The Following is from the Training for Towns on April 28, 2011
Starting October 1, 2004, Wisconsin towns were given the authority to create tax increment financing (TIF) districts.
Tax Increment Financing is a public financing method which uses the tax revenue gains (or increment) as a result of public improvements within a defined district to finance the debt for the improvements.
Eligible Town TIF Projects (Synopsis of Eligible Town TIF Projects)
Not less than 75% of the TID real property area is to be used for projects of a single one of the following project types: (1) Agriculture, (2) Forestry, (3) Manufacturing, and (4) Tourism. North American Industrial Classification definitions are used, which excludes certain activities (e.g., sports camps, distilleries), so be certain to confirm eligibility.

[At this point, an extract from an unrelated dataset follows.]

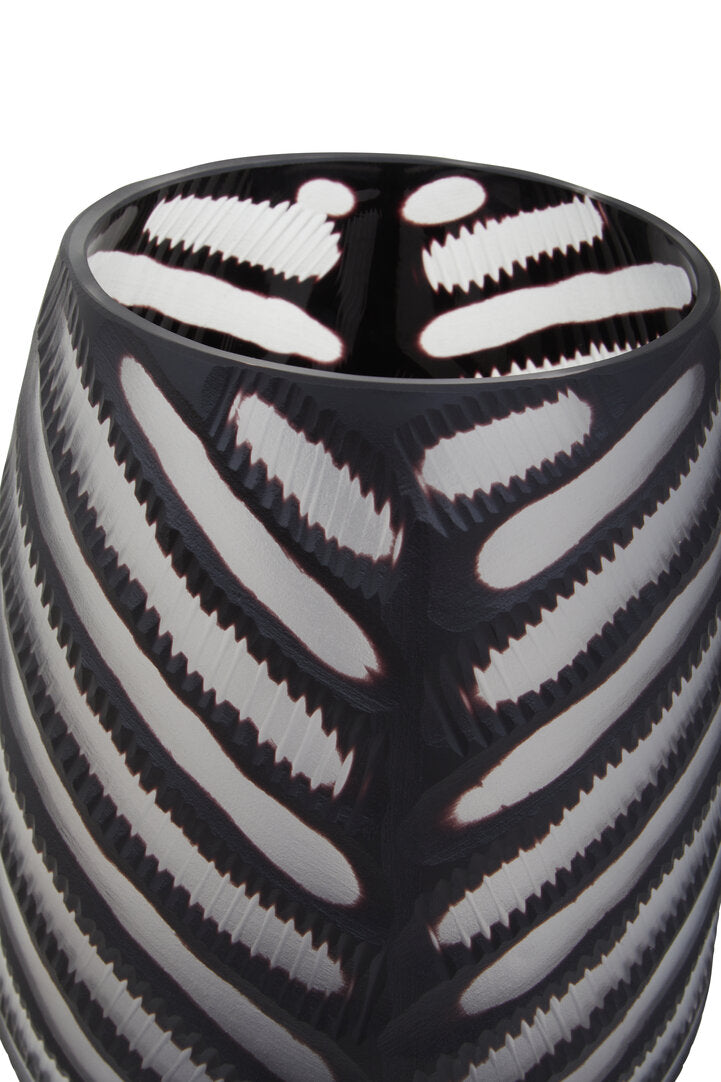 Hessa Large Chevron Cut Vase - Macro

Also eligible is retail development which sells product produced by 1-3 above, or residential development incidental to 1-4 above.
Eligible Town TIF Expenditures
Project costs are limited to those directly benefitting one of the four eligible project types as identified in the project plan, including:
- capital costs & infrastructure
- financing costs
- real property assembly costs
- professional services (e.g., planning, A/E)
- administrative costs
- organizational costs related to creation
Costs that are not eligible include cash grants, administrative buildings, facilities typically financed with utility user fees, and general governmental operating costs.
- 16 years maximum life with all expenditures within 5 years of adoption
- TID is terminated when aggregate increments received cover total project cost OR at end of TID life, unless dissolved earlier by Town Board
- Either the total equalized value of the property within all TIDs does not exceed 7% of the total equalized value of all taxable property within the Town OR the equalized value of property within the TID plus the value increment of all existing districts within the Town does not exceed 5% of the total equalized value of the taxable property within the Town.
- If TID within an extraterritorial jurisdiction area, need city or village approval by resolution.
- Town TID’s may overlap, if not created on the same date.
- Essentially the same as content as cities and villages. Towns, cities, and villages use the same common language guidelines, WisDOR example plan components, and TID Base Year Packet checklist.
- The planned improvement will “enhance significantly” the value of most of the other property in the district.
- If manufacturing, must be zoned for such and must remain zoned for industrial use for the life of the TID.
TID & Project Plan Adoption Process
The Plan Commission prepares the project plan, conducts the public hearing, and adopts the plan. The Town Board adopts the boundary and creates the district. The adoption process includes some very specific timeline requirements. Overall, adoption is essentially the same as that of cities and villages, including the two Class 2 notices and a public hearing, with the following exceptions:
- Public hearing notice must be sent to all property owners in the TID
- Board must wait at least 30 days between the public hearing and the plan adoption.
- The Joint Review Board must act within not less than 10 days nor more than 30 days following receipt of the Board resolution; cities and villages no longer have to wait the 10 days.
A combined hearing can be held for both the TID boundary and the project plan. Most communities use a combined-hearing method.
Who is the Joint Review Board?
The JRB is convened by the town and includes one town representative and one representative chosen by each overlapping taxing district–school district, technical college, and county. The JRB also selects one public member. The JRB has final approval on the TID by majority vote. Class 1 notice 5 days prior to meetings.
Base Value Determination, Start-Up, and Reporting
- September 30th deadline for the creation resolution. $1,000 creation fee to WDOR.
- October 31st deadline for the base value certification application, which includes project plan, parcel information, resolutions, and assessor’s report for creation or amendments.
- If adopted by 9/30/11, would not capture tax revenue until 2013.
- Annual report to overlying taxing jurisdictions due by May 1st. $150 annual fee to WDOR.
- 3 CPA audits: #1 – after 30% of expenditures, #2 – 12 months after end of expenditure period, #3 – 12 months after termination. Also, termination resolution and reporting.
Future Plan Amendments
- Plan Commission may amend the project plan following similar adoption process, except that project expenditures may not exceed 7 years total.
- Only allows for territory amendments once during first five years of the TID with all amendment expenditures made within two years of the amendment. 7% / 5% rule applies.